The new AMG GT 63 S E-Performance is not only a mouthful, but the flagship of the refreshed model.
Just to jog your memory, the AMG GT four-door shares more platform componentry with the CLS and E-Class over its soon-to-be-replaced two-door coupe sibling, and is a rival to the Porsche Panamera and Audi S7 and RS7.
Keep reading for what we know about the new GT four-door.
So, what are the headlines?
That new 63 S model, for a start. It’s the first AMG E-Performance model to arrive, with the next being the new AMG C 63 S due later on in 2021. The twin-turbo V8 remains, but it now benefits from punchy electric assistance for a combined power output of 831bhp and an eye-watering 1033lb ft. Mercedes says this new PHEV can hit 0-62mph in 2.9 seconds and a top speed of 198mph.

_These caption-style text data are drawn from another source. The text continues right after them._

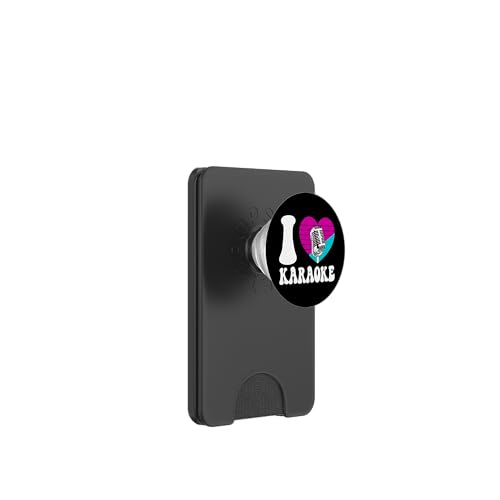 Karaoke Sänger Herz I Love Karaoke PopSockets PopWallet für MagSafe von Funny Karaoke Singer HD0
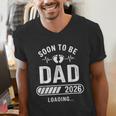 Soon To Be Dad 2026 Loading Men's V-Neck T-Shirt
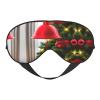 Christmas Tree Red Print Sleep Mask Silk-Like Eye Mask Sleeping Eye Mask for Women Men for Travel Sleep Relaxation view 1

The power from the 201bhp electric motor is sent to the rear wheels by default, with AMG saying it ‘acts directly’ on the rear axle for more instant throttle response. However, the power can be sent to the fronts via a propshaft and driveshafts if slip is detected. The 6.1kWh battery pack is mounted above the rear axle to help with weight distribution, and there’s a two-speed gearbox for the e-motor’s power output, like a Porsche Taycan.
AMG says you can benefit from a rather paltry seven miles of engine-off range, with claimed economy figures clocking in at 32.8mpg and 196g/km CO2.
As for the range more generally, Mercedes says one of the biggest changes is its suspension system. The AMG GT four-door still rides on air with AMG’s Ride Control+ setup, but the damping system is all-new; two pressure-limiting valves are used on each damper, with one controlling compression and the other controlling rebound. Merc says the tweaks allow those inside to be ‘almost completely shielded from uneven road surfaces.’
The range for Europe starts with two six-cylinder versions: the GT 43 and the GT 53. Both use straight-six power with mild hybrid assistance (that generates 21bhp and 184lb ft as an overboost function), all-wheel drive and a nine-speed double-clutch automatic.
The GT 43 has 362bhp and 369lb ft on tap, capable of a 4.9sec 0-62mph sprint; the GT 53 has 429bhp and 384lb ft, and can sprint to 62mph in 4.5 seconds. Not slow.
Anything else new?
It’s more superficial stuff from here on out. The front end look has been mildly tweaked and there are new wheel options, for example.
Inside, the AMG GT four-door has been fitted with the new steering wheel creeping into all new Mercedes and AMG models that has sensor pads for your hands to know if you have them on the wheel and haptic feedback touch panels.
There’s an Edition model full of toys and painted in ‘rubellite red’, and you an tart up your new AMG GT four-door with the AMG Night Package (paints various bits in black) and a carbonfibre pack (ditto… but with carbonfibre, obviously).
When and how much?
UK prices and specs aren’t known yet, but deliveries are expected later on in 2021.